The third story arc is perhaps the most tragic, ending the novel with a twist of family loss and revenge. It’s a continuation of the previous novel, A Brutal Telling, in which Olivier Brule, co-owner of the bistro in the mythical and magical Three Pines, was convicted of murder. Gamache begins rethinking the case and asks Jean-Guy, who is also on medical leave, to re-investigate. The resolution is the stuff of Greek tragedy, and leaves behind a devastated family. In this case, the dead aren’t who we think they are, nor are they buried where we think.
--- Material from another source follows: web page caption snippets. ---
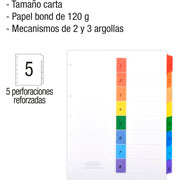Foto de Separador Wilson Jones Tamaño Carta Plastificado 8 Divisiones 
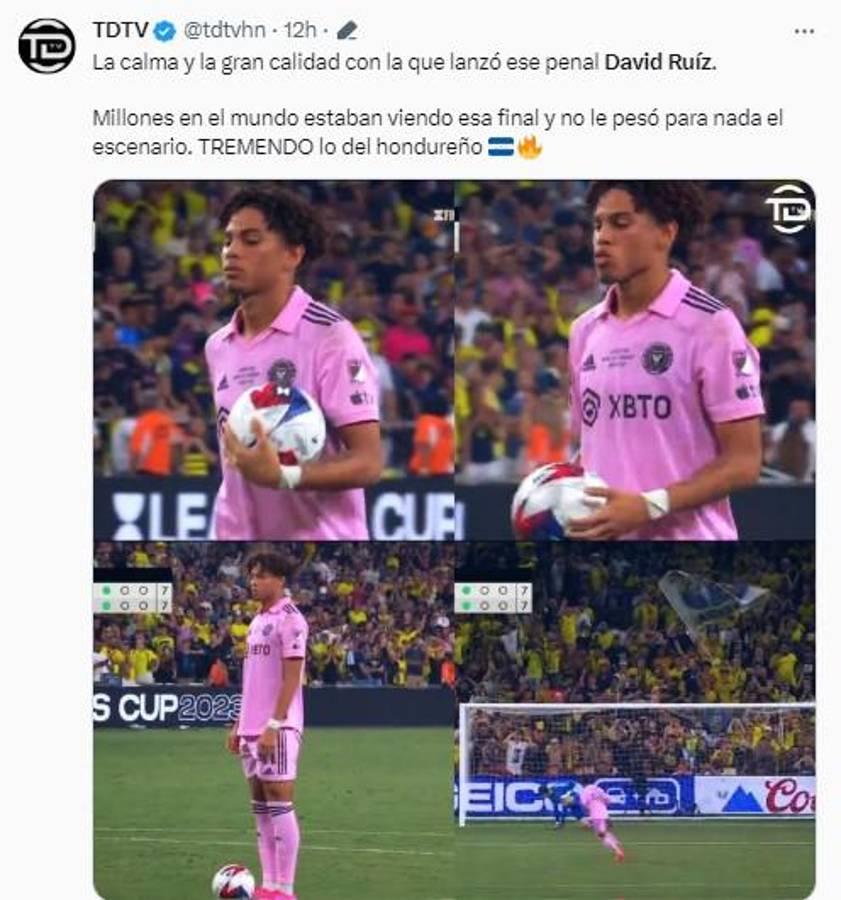 “Un hondureño es campeón con Messi”, “Un penal con categoría”: Los tremendos elogios a David Ruiz tras quedar campeón con Inter Miami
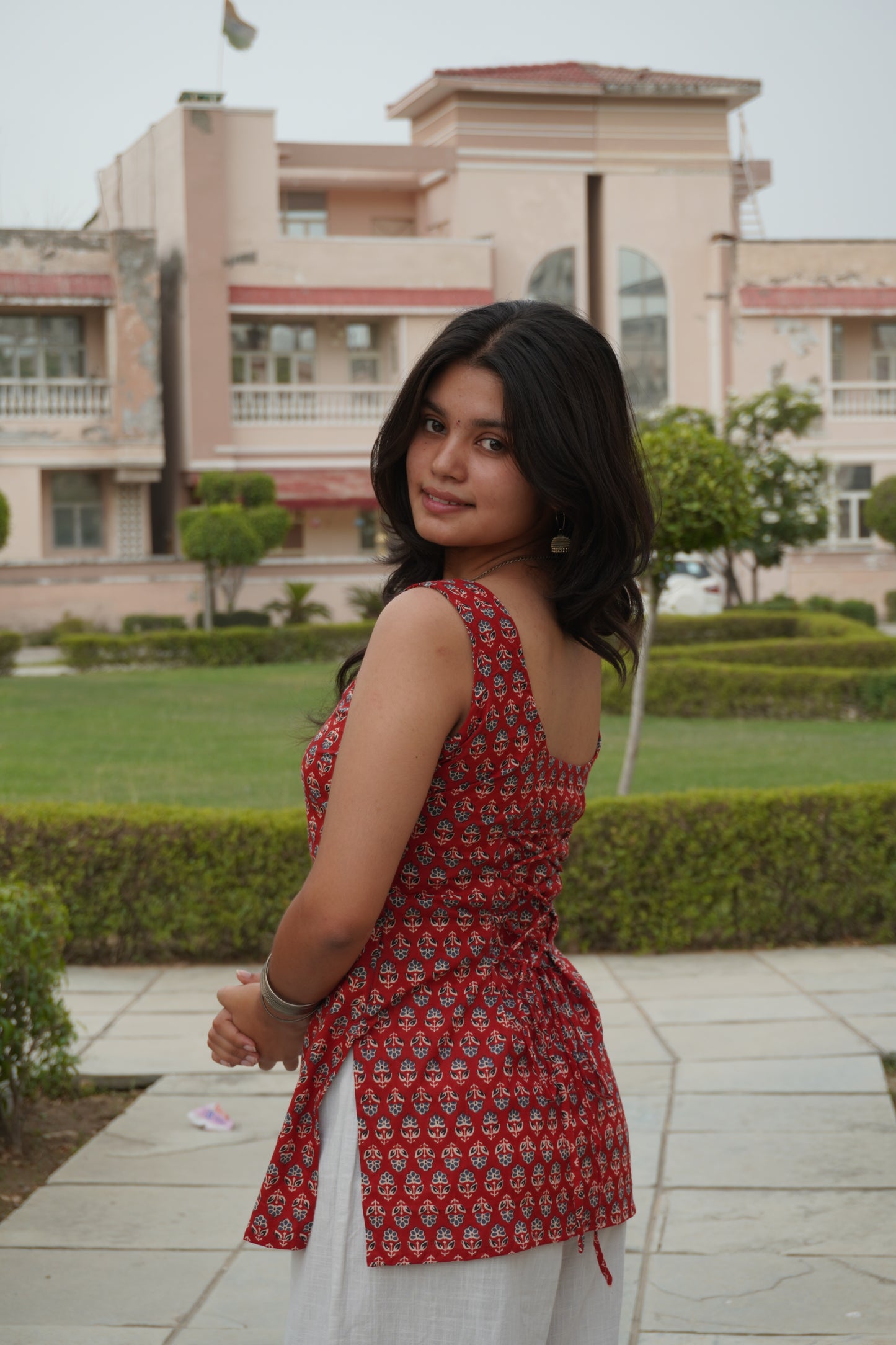 Red Floral Corset Back Cotton Short Kurti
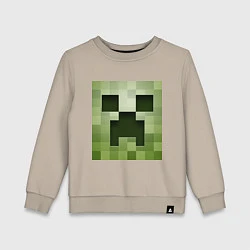 Свитшот хлопковый детский Мinecraft creeper, цвет: миндальный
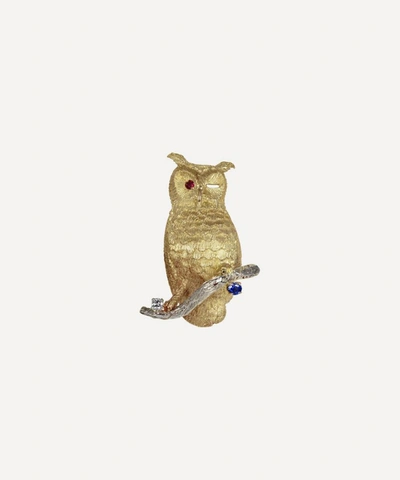 Kojis 14ct Gold Multi-stone Owl Brooch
This is a heady book that gets better with multiple readings. It has Penny’s trademark charm and wit. One English character knows French well as a written language, but when she tries to speak it, she encourages people to become umlauts and calls the night a strawberry. Gamache wanders the streets of Old Quebec City in the quiet of the night, his steps crunching in the snow, with Henri, his beloved German Shepherd who is so full of love it doesn’t matter that he’s far from the world’s smartest dog. The Three Pines characters all make an appearance, and the ragged and rugged old poet, Ruth, builds a unique bond with Jean-Guy. It’s cold in Quebec, but these characters stay warm with one another, settled into comfy chairs in front of the bistro fire, watching through mullioned windows as the snow falls onto the three pines in the town center.